A market map of the D2C space by CB Insights, circa 2016

Startups operating in this space have historically been built on the strength of their marketing and customer acquisition efforts, focusing on highly-targeted campaigns using social media channels. As more brands enter a given category, however, search keywords become increasingly expensive — in turn, traditional channels such as brick-and-mortar retail have become more and more attractive as means to expand brands’ customer bases. And, despite the rise of e-commerce, Forrester reports that more than 80% of retail sales will continue to take place in brick-and-mortar retail locations over the next several years. Apart from potentially reducing customer acquisition costs at scale, offline retail also benefits brands by increasing customer retention; anecdotally, founders of D2C brands have reported that buyers who purchased through traditional retail demonstrated a 3x increased likelihood of becoming repeat buyers.

While well-established brands such as Warby Parker and Casper can afford to invest in their own storefronts (from both a financial and a risk-oriented perspective), newer players in the space may be hesitant to place such large bets on building a dedicated offline retail presence. Outsourcing these efforts to RaaS providers,

such as Fourpost, enables these brands to expand their customer bases in a lower-risk, more cost-effective way. Additionally, RaaS platforms help these brands remain focused on what they do best — marketing and customer acquisition — while the chosen RaaS platform incurs the responsibility for non-core competencies such as negotiating leasing / financing agreements, designing store layouts, and managing day-to-day retail operations.

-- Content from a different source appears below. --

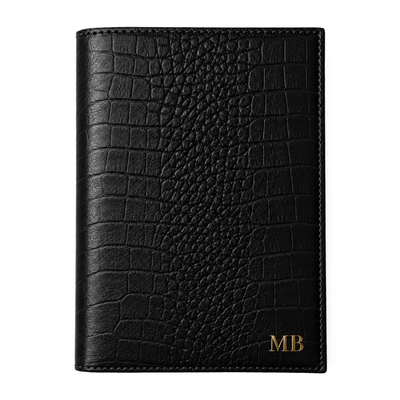 Personalizowany notes skórzany A5 SA66 Czarny Croco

As traditional department stores are abandoning their storefronts, these infrastructure players are poised to take advantage of reduced rents and superior economics by partitioning underutilized retail space into smaller, experiential shops. With the retail category growing 5% year-over-year and the rise of technologies such as AI and the Internet of Things, we also strongly believe in the opportunity for RaaS providers to add even more value for DNVBs going forward through data and analytics. As the lines between online and offline retail continue to blur and brands understand that deploying an omnichannel strategy is crucial to survival, platforms such as Fourpost can give their customers access to unique insights that they can use to further refine their approaches to product development and customer acquisition.

Why Fourpost?

We invested in Fourpost because we believe they are uniquely well-suited to take advantage of these trends and help DNVBs build out their offline footprints.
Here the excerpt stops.